La muerte de Renee Nicole Good, una ciudadana estadounidense de 37 años, a manos de un agente del Servicio de Inmigración y Control de Aduanas (ICE) en Mineápolis, ha provocado una ola de indignación y protestas en todo Estados Unidos. El incidente, ocurrido el 7 de enero, ha puesto de relieve las tensiones generadas por la agresiva política migratoria de la administración Trump y ha generado un choque directo entre autoridades locales y federales. Según el gobierno federal, el agente actuó en “defensa propia” después de que Good supuestamente intentara embestir a los oficiales con su vehículo. El presidente Trump la calificó de “revoltosa”, mientras que la secretaria de Seguridad Nacional, Kristi Noem, la llamó “terrorista doméstica”. Sin embargo, testigos y videos del hecho contradicen esta versión, mostrando que la mujer, poeta y madre de tres hijos, intentaba huir cuando recibió el disparo. El alcalde de Mineápolis, Jacob Frey, condenó el crimen y exigió la retirada de los agentes de ICE de su ciudad, afirmando: “¡Lárguense de aquí!
No los queremos aquí”.
El suceso ha avivado el debate sobre el uso excesivo de la fuerza por parte de agencias federales, con protestas masivas que piden justicia para Good y el fin de las redadas de ICE.

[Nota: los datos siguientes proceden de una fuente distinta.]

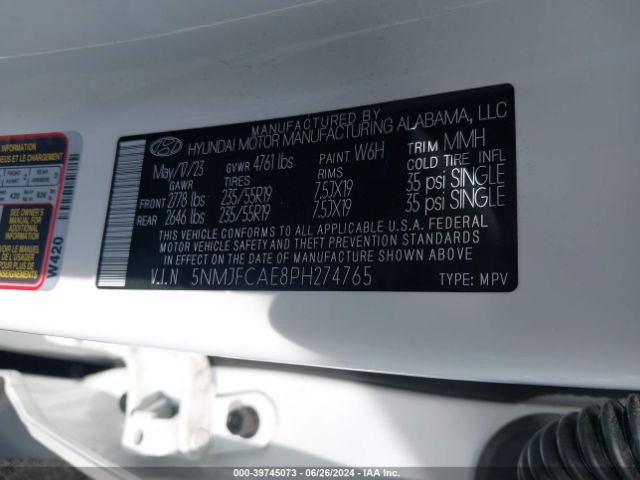 Photo 8 VIN: 5NMJFCAE8PH274765 - HYUNDAI TUCSON 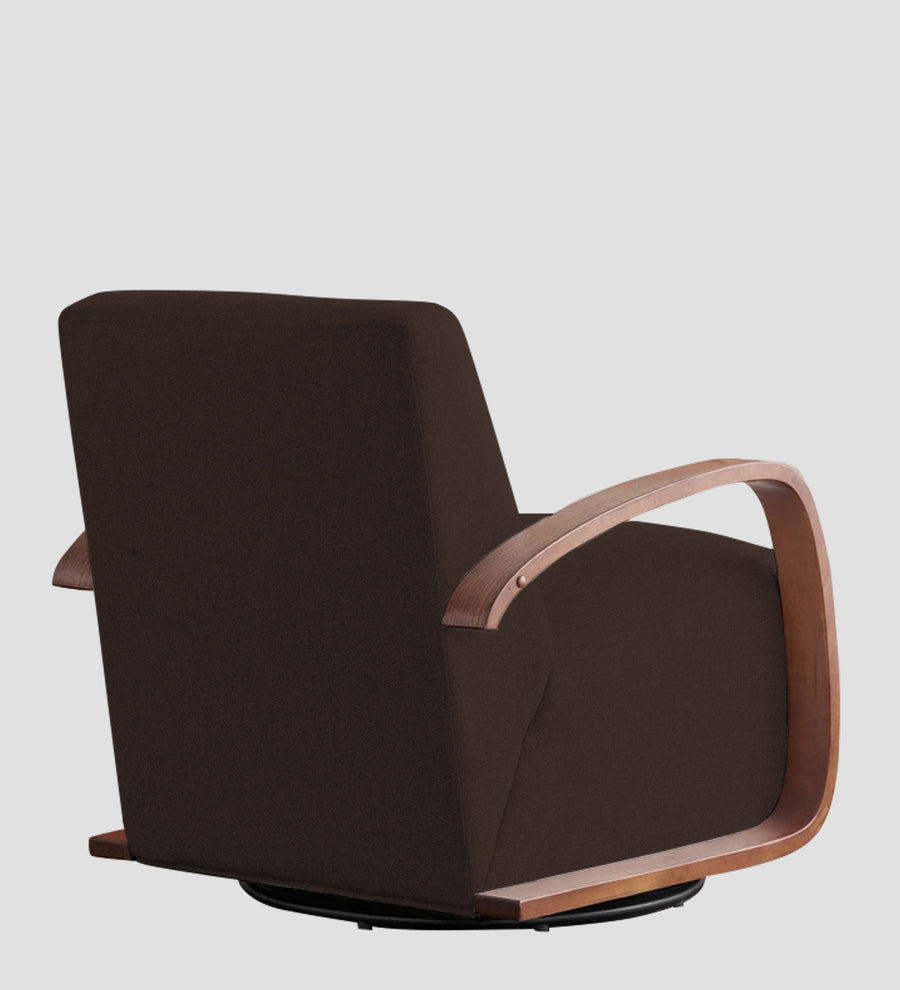 Balma Fabric Swivel Chair In Coffee Brown Colour - Febonic Living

La situación se agravó un día después, cuando agentes federales hirieron a disparos a otras dos personas en Portland.
Este es el primer caso documentado de una ciudadana estadounidense que muere por el uso de fuerza letal de un agente de ICE, lo que ha llevado la preocupación por las políticas migratorias a un nuevo nivel, demostrando que sus consecuencias ya no se limitan a la población migrante.
En resumenEl asesinato de Renee Nicole Good por un agente de ICE ha desatado una crisis nacional en EE. UU., con protestas masivas contra las políticas migratorias de Trump. La versión oficial de “defensa propia” es fuertemente cuestionada por testigos, escalando el conflicto entre autoridades locales que exigen la salida de ICE y un gobierno federal que defiende a sus agentes.